The Reserve Bank of India (RBI) issued the Draft Reserve Bank of India (Commercial Banks – Governance) Amendment Directions, 2026 on April 8, 2026, aiming to optimize board efficacy by enabling focused deliberation on strategy and risk governance. In alignment with existing regulatory frameworks—such as the RBI Master Direction on Corporate Governance, Outsourcing and Branch Authorisation in Banks, RBI Guidelines on Board of Directors & Committees, RBI Risk Management & Internal Controls-which recognize and permit delegation of operational matters to committees and senior management, the proposed amendments reinforce this approach. This principle-based overhaul empowers commercial bank boards to delegate routine operational matters—such as standard approvals and ongoing monitoring—to specialized committees or executive management, thereby redirecting attention to critical areas like risk frameworks, policy parameters, and sustained organizational resilience in a dynamic economic landscape.
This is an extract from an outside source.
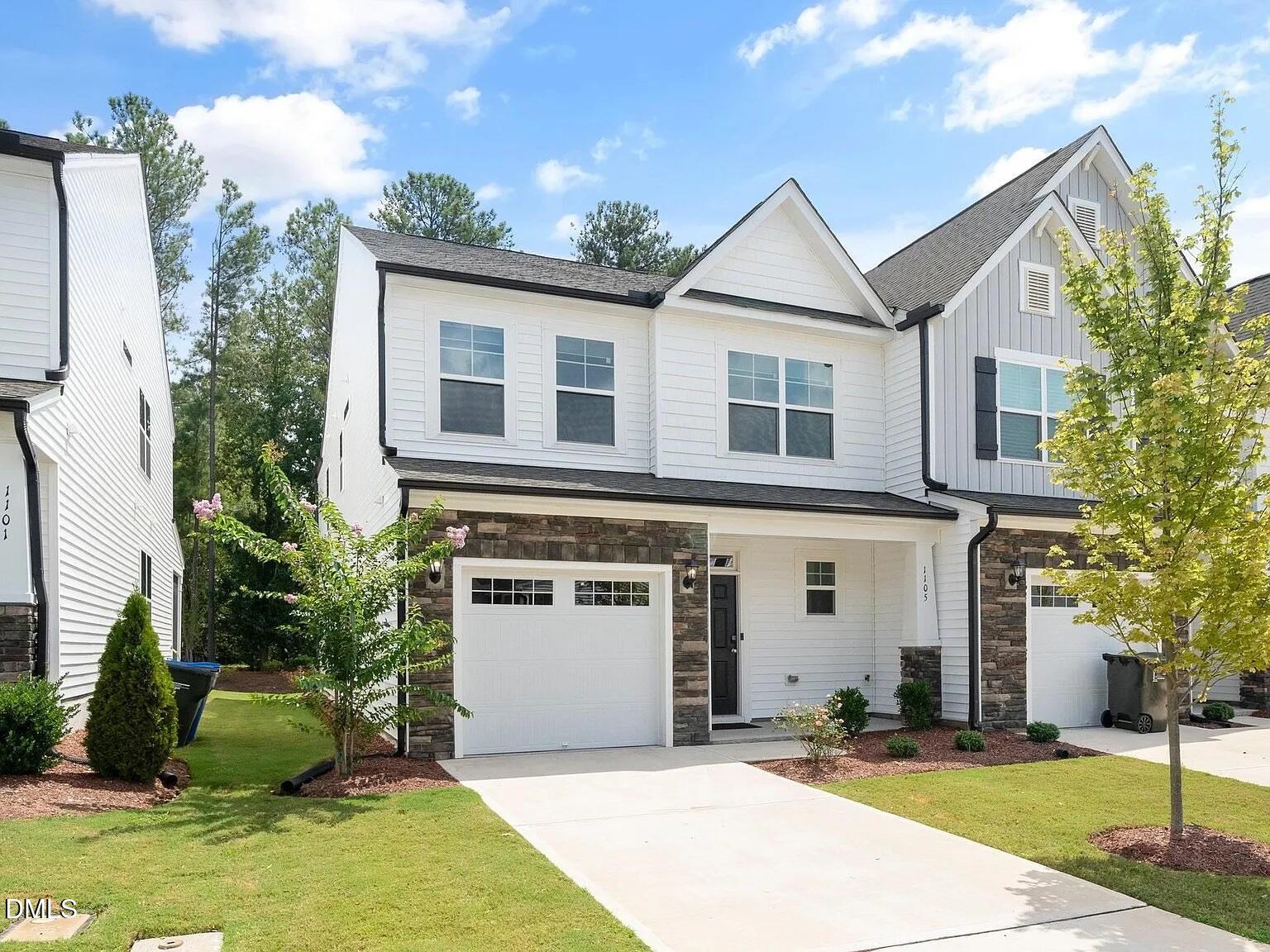 1105 Arbor Edge Lane Property Photo 1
Although tailored for commercial banks, the framework’s principles closely align with governance framework applicable on NBFCs, strongly warranting RBI’s prompt issuance of parallel directions to enhance board efficiency and strategic focus for NBFCs. This shift would allow NBFC boards to allocate greater bandwidth to material strategic decisions, rather than routine approvals and oversight, while upholding non-negotiable board accountability. Delegated responsibilities would integrate structured reporting mechanisms and escalation protocols to maintain oversight integrity consistent with the principles articulated in the Reserve Bank – (Non-Banking Financial Company – Governance, Credit Facilities, and Managing Risk in Outsourcing et al.) Directions, 2025.
The chairperson’s role is further refined, emphasizing curation of streamlined, strategic agendas and assurance of precise information dissemination. Mandatory periodic reviews, at least annually, of delegation frameworks, meeting efficacy, and overall governance performance will cultivate a culture of continual enhancement. RBI’s intent is unequivocal: boards must transition from operational micromanagement to stewardship of long-term stability.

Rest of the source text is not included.